The US military conducted an air strike against al-Qaeda-affiliated al-Shabaab militants on Tuesday, the first since President Joe Biden took office, the Pentagon said.
The US military command for Africa (AFRICOM), in coordination with the Somali government, “conducted one airstrike in the vicinity of Galkayo, Somalia today against al-Shabaab,” Pentagon spokeswoman Cindi King told AFP.
The strike, 700 kilometers (430 miles) northeast of Mogadishu, targeted Shabaab militants, King said.
“A battle-damage assessment is still pending due to the ongoing engagement between al-Shabaab and Somali forces, however the command’s initial assessment is that no civilians were injured or killed as a result of this strike,” she added.
The strike is the first conducted by the US military in Somalia since January 19, when AFRICOM announced it had killed three Shabaab militants in two strikes in Jamaame and Deb Scinnele.
Biden was inaugurated the next day.
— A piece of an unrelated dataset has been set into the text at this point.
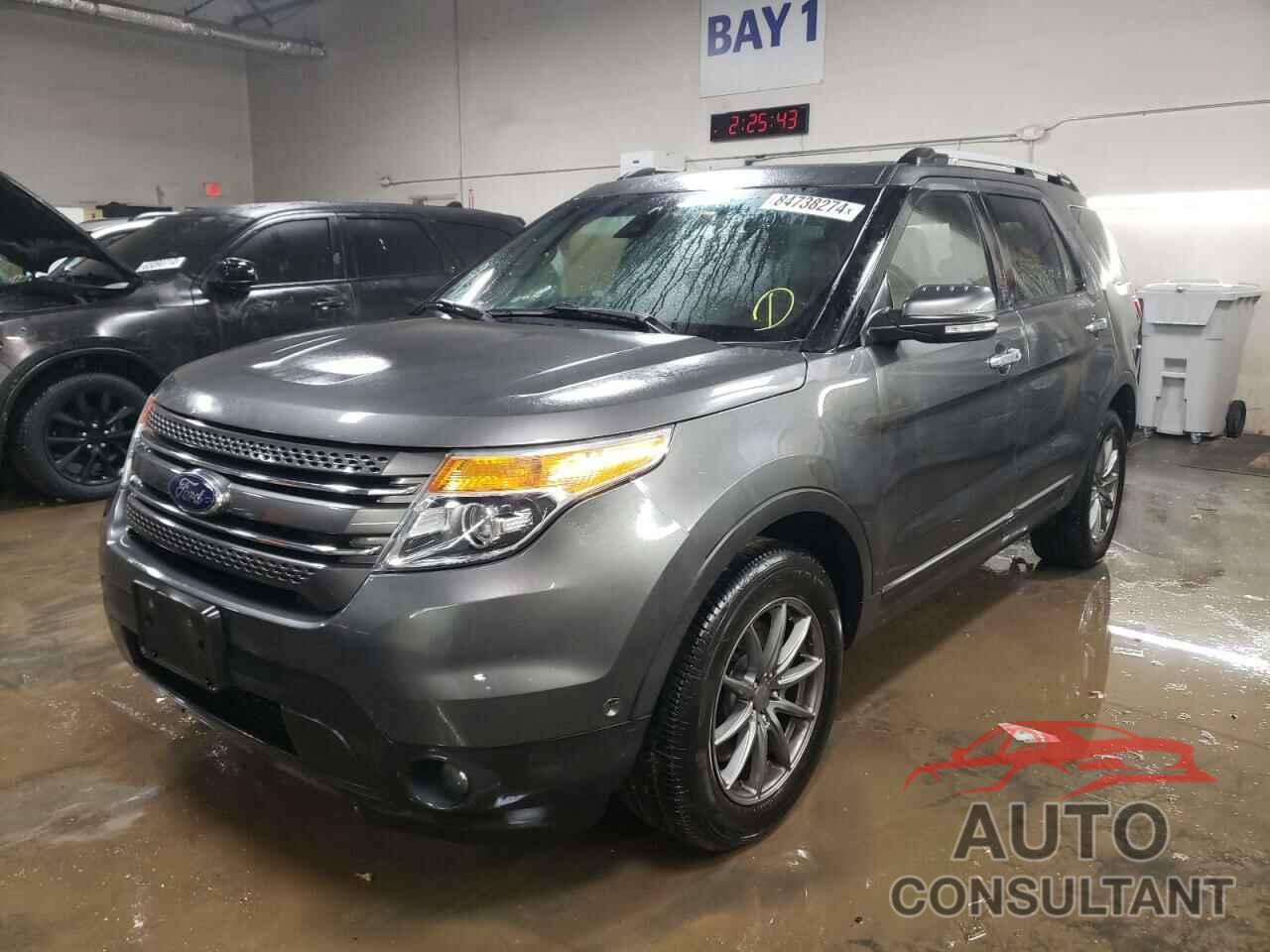 FORD EXPLORER 2015 - 1FM5K8F88FGB37629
As soon as he arrived at the White House, he limited the use of drones against militant groups outside US theaters of war.
That reversed the policy of his predecessor Donald Trump, who had given the US military carte blanche in countries such as Somalia and Libya.
In March, Pentagon spokesman John Kirby said that any planned strikes against militant groups outside Afghanistan, Syria and Iraq were now submitted to the White House before being carried out.
Drone strikes multiplied during Trump’s term, going from 11 in Somalia in 2015, to 64 in 2019 and 54 in 2020, according to the non-governmental group Airwars, which monitors civilian deaths in bombings around the world.
Just before he left office, Trump ordered the withdrawal of some 700 special forces soldiers who were deployed in Somalia to train and advise the Somali army.